**TASK ITEM**
The reader should set down exactly the lines from the one containing "近期twins巡回演唱会掀起了一波青春回忆潮 她们舞台上的状态和阎值" through the last line of the material, omitting every picture.
--------------------
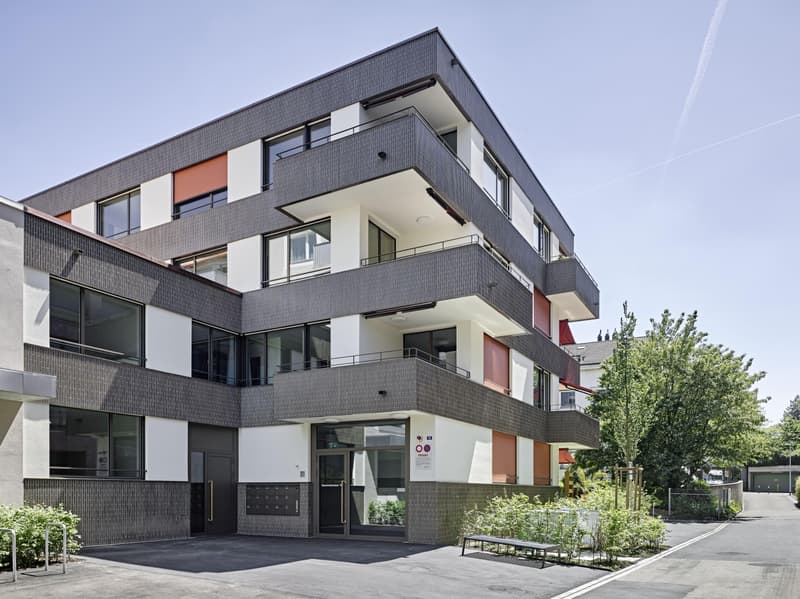 Im Herzen von Kloten: Altersgerechte 2.5 Zimmerwohnung im 1. OG (1)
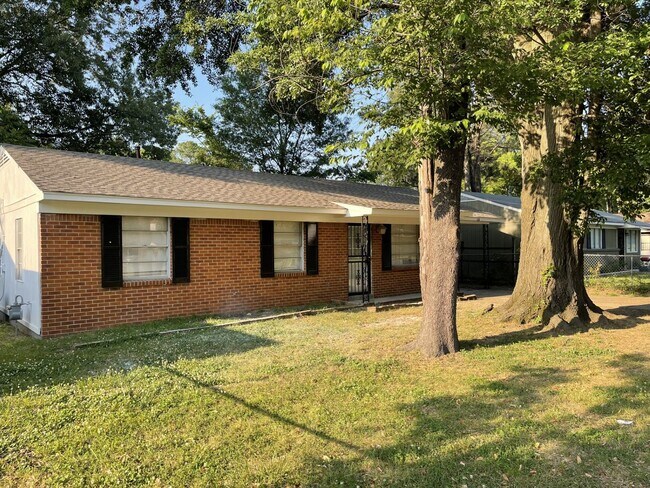 Building Photo - 618 Frayser Dr
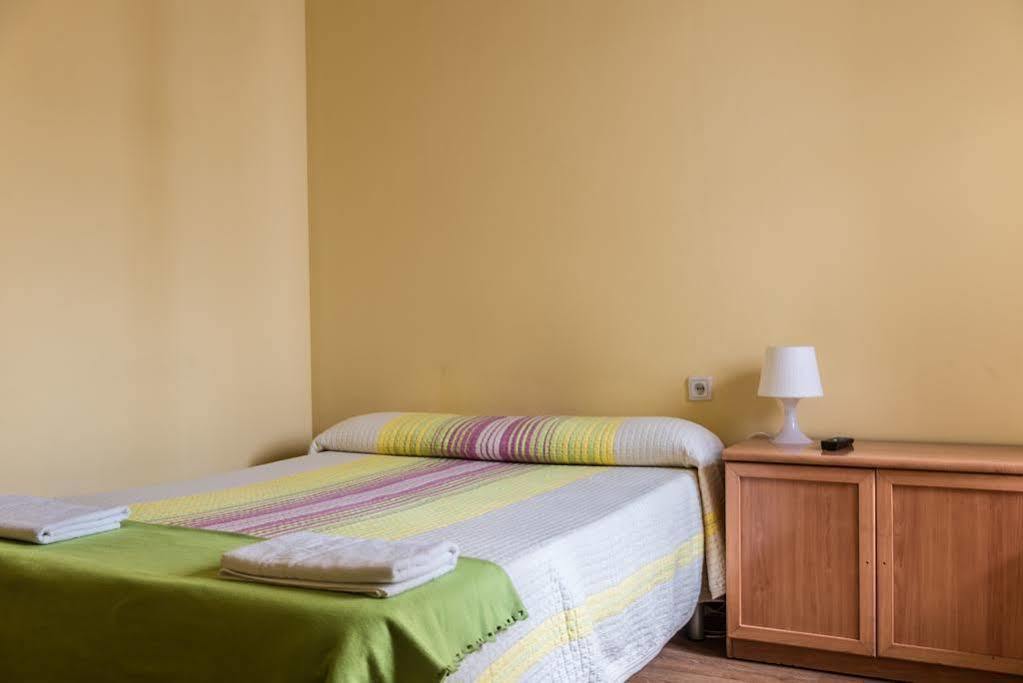 Hostel Turistic Castell Barcellona Esterno foto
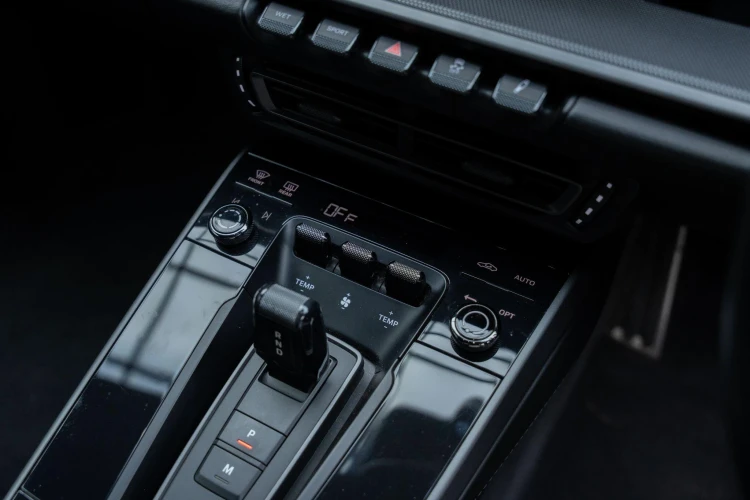 Vehicle Image 22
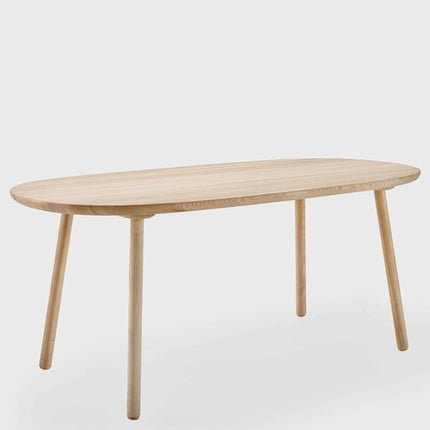 Naïve Dining Table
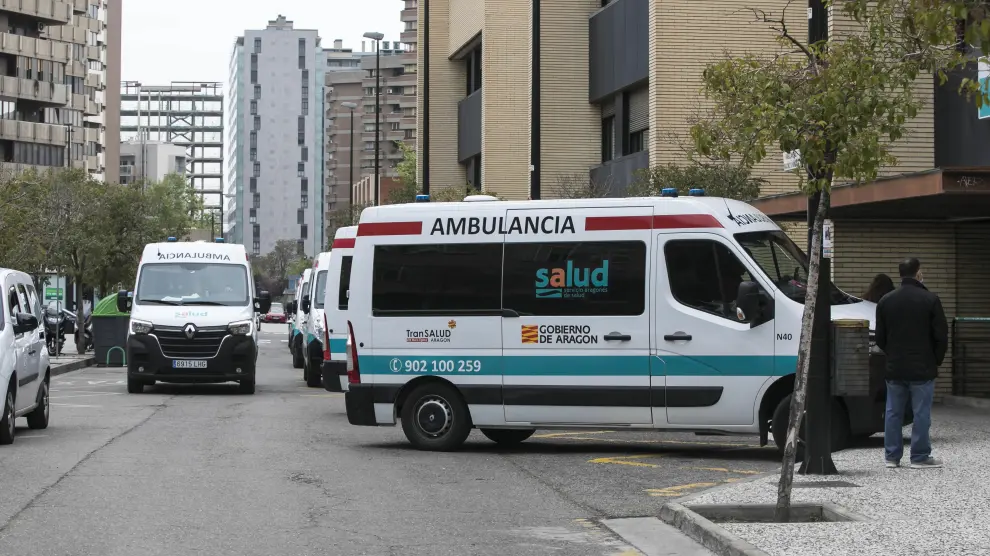 Varias ambulancias, junto a la puerta de consultas externas del Hospital Clínico.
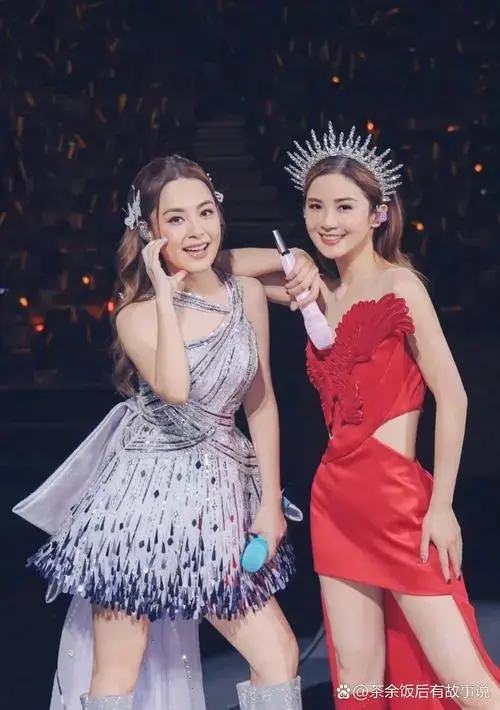 近期twins巡回演唱会掀起了一波青春回忆潮 她们舞台上的状态和阎值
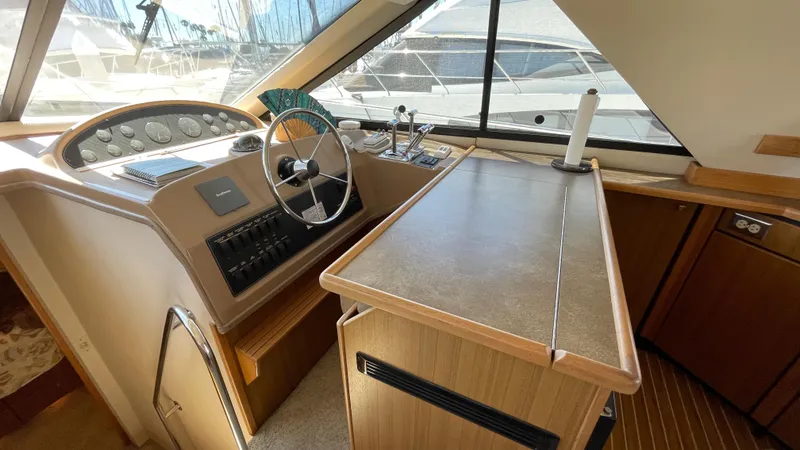 2001 Bayliner 3988 Command Bridge Motoryacht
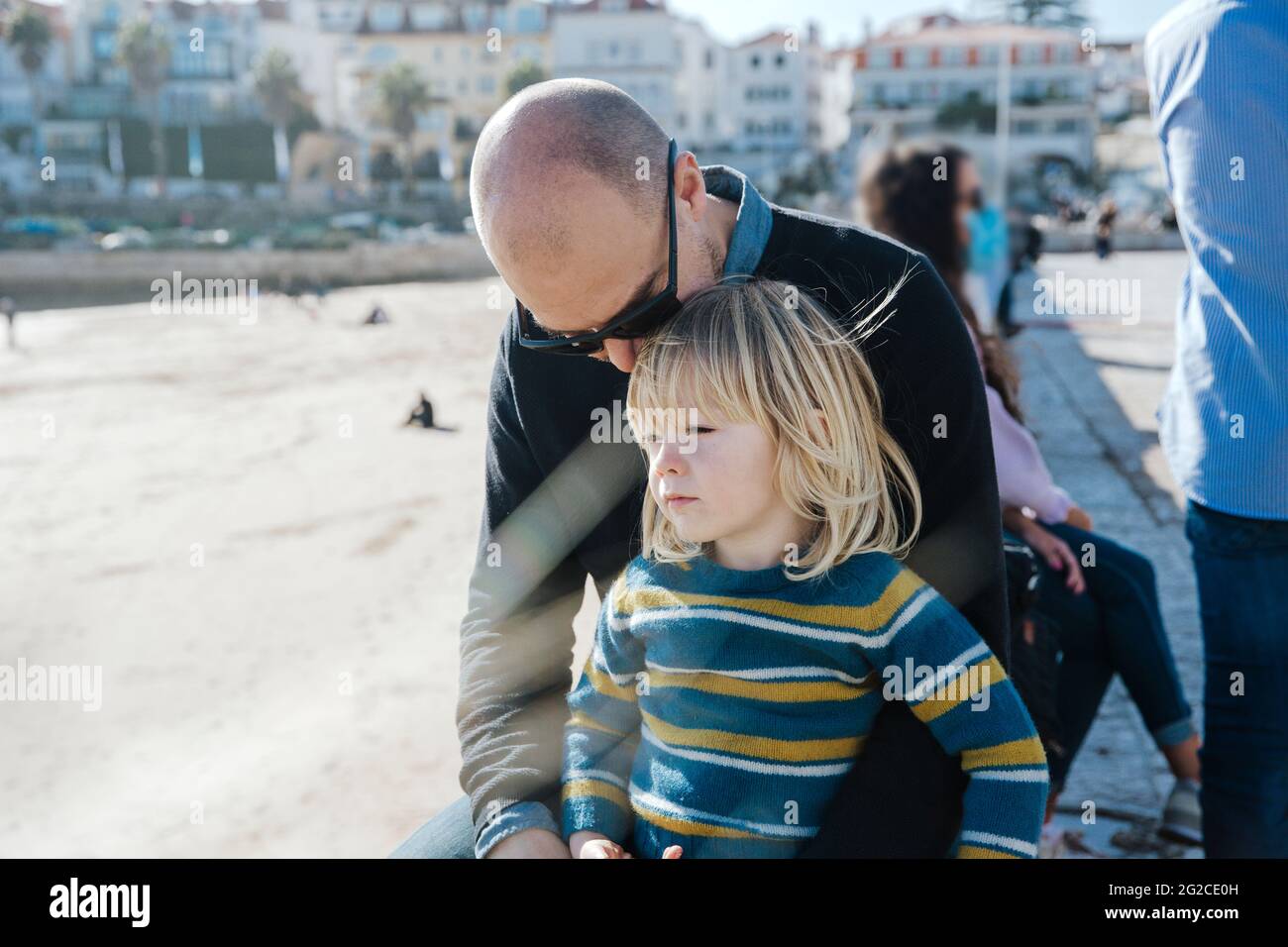 Padre e figlia insieme Foto Stock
--------------------
**RESPONSE TO THIS EXERCISE**
 近期twins巡回演唱会掀起了一波青春回忆潮 她们舞台上的状态和阎值
 2001 Bayliner 3988 Command Bridge Motoryacht
 Padre e figlia insieme Foto Stock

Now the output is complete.